(Beginning of Excerpted records)

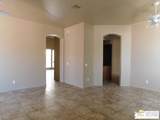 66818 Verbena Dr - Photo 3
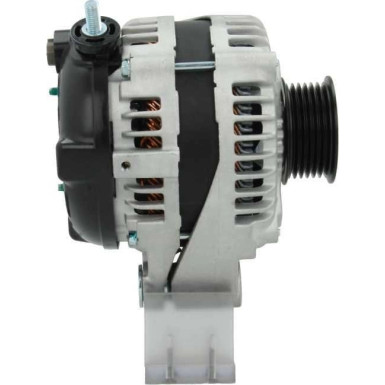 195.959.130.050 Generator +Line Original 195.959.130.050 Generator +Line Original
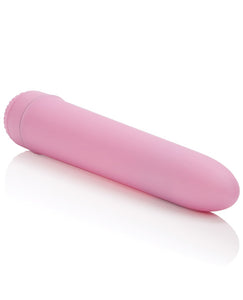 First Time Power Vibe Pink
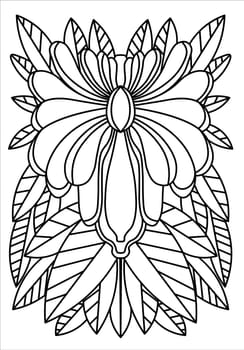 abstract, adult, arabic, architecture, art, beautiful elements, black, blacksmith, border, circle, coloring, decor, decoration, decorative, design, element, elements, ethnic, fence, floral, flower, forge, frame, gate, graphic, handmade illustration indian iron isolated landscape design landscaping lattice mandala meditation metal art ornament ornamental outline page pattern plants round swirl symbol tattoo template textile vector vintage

(End of Excerpted records)
(Beginning of Excerpted records)

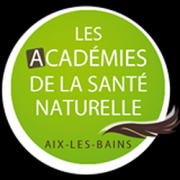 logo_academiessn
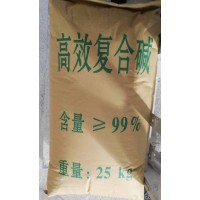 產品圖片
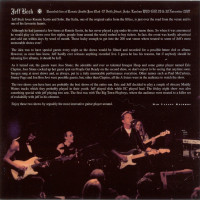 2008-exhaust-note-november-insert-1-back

(End of Excerpted records)

From the records above, output only the lines starting at the one containing "195.959.130.050 Generator +Line Original 195.959.130.050" and ending at the one containing "First Time Power Vibe Pink", word for word. Pictures stay out.

## Output of the exercise
 195.959.130.050 Generator +Line Original 195.959.130.050 Generator +Line Original
 First Time Power Vibe Pink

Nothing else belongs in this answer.